Fit NMF with \(k=4\).

temp = mix4sub.X.tocoo()
y = matrix.sparseMatrix(i=pd.Series(temp.row + 1), j=pd.Series(temp.col + 1), x=pd.Series(temp.data), dims=pd.Series(temp.shape))
fit = ft.fit_poisson_nmf(y, k=4, numiter=100, method='scd', control=rpy2.robjects.ListVector({'extrapolate': True}), verbose=True)
fit = {k: v for k, v in zip(fit.names, fit)}

Normalize the loadings/factors to get a topic model.

l = fit['L']
f = fit['F']
weights = l * f.sum(axis=0)
scale = weights.sum(axis=1, keepdims=True)
weights /= scale
topics = f / f.sum(axis=0, keepdims=True)

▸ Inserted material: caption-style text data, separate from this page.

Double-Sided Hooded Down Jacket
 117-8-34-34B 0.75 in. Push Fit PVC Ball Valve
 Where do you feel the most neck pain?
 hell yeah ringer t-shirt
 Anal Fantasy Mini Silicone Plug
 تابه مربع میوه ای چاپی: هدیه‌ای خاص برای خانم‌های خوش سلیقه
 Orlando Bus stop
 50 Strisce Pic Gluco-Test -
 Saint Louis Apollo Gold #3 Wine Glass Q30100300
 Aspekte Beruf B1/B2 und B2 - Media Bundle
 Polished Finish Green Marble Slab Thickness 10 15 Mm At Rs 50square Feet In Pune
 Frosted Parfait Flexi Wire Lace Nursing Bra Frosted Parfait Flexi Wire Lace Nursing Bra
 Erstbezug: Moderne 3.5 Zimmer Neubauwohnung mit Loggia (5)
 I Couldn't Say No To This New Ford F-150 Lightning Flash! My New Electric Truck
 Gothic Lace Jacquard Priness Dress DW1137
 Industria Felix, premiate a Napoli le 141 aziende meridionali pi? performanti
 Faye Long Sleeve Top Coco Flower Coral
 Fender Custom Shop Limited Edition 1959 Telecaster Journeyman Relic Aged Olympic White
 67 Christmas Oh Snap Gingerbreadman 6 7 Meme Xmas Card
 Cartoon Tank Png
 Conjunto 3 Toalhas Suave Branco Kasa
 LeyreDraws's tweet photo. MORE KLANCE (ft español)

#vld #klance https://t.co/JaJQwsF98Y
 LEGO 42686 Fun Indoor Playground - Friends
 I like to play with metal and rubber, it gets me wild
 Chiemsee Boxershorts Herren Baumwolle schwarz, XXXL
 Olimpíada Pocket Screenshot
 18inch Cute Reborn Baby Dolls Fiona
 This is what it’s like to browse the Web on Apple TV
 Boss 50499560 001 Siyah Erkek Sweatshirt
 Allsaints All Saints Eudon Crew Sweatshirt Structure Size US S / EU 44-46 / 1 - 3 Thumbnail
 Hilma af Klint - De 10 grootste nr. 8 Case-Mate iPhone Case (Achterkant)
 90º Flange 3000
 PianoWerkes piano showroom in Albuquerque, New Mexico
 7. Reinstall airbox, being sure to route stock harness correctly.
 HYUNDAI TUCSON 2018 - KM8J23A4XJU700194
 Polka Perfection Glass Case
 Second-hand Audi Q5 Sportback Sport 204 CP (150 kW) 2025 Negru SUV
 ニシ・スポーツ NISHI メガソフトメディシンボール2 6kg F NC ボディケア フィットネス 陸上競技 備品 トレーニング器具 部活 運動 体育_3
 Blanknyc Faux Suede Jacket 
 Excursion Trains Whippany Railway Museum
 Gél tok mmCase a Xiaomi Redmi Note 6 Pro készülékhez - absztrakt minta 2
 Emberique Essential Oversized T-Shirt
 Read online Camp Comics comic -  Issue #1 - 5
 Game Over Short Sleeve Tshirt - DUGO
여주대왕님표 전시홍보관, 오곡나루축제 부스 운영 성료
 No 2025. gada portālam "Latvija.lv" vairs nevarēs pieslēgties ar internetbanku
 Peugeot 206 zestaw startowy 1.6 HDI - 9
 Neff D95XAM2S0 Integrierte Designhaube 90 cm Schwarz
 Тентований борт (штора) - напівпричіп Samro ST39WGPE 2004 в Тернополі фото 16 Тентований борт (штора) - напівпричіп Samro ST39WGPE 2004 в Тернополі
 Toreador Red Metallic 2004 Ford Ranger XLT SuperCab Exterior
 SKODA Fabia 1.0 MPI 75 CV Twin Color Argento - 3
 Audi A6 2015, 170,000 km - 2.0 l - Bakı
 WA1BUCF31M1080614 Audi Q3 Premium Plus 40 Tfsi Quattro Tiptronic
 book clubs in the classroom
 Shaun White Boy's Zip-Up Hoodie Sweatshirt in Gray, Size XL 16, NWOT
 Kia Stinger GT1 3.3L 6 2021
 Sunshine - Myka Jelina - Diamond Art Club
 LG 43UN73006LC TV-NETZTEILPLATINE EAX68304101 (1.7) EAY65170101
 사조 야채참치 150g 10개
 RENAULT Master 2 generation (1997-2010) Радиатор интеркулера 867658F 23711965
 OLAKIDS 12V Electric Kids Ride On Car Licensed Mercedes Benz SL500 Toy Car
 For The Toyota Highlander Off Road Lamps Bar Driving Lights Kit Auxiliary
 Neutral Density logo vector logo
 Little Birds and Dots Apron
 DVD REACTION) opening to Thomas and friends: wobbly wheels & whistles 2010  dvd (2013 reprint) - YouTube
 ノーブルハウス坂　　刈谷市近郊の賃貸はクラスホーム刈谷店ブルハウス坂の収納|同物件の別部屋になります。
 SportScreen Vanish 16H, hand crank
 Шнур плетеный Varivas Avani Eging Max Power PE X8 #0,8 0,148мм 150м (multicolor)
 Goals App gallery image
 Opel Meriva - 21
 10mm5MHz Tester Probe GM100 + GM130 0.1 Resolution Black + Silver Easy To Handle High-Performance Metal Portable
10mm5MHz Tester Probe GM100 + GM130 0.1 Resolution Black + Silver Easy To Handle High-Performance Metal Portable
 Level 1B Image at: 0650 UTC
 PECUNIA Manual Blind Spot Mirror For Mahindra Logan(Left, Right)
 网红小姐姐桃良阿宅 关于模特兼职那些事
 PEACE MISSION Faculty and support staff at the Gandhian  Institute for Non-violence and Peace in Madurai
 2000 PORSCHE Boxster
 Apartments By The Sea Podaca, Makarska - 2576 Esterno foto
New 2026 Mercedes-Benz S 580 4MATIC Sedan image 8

Plot the correlation of the estimated topic weights against the ground truth labels.

r = np.corrcoef(pd.get_dummies(mix4sub.obs['cell_type']).T, weights.T)[:4,4:]
plt.clf()
plt.gcf().set_size_inches(3, 3)
plt.imshow(r, cmap=colorcet.cm['coolwarm'], vmin=-1, vmax=1)
plt.xticks(range(4), mix4sub.obs['cell_type'].unique(), rotation=90)
plt.xlabel('Cell type')
plt.yticks(range(4), range(4))
plt.ylabel('Topic')
plt.tight_layout()

Estimate the log loss of topic weights against the ground truth labels. Assign topics to labels based on the maximum weight.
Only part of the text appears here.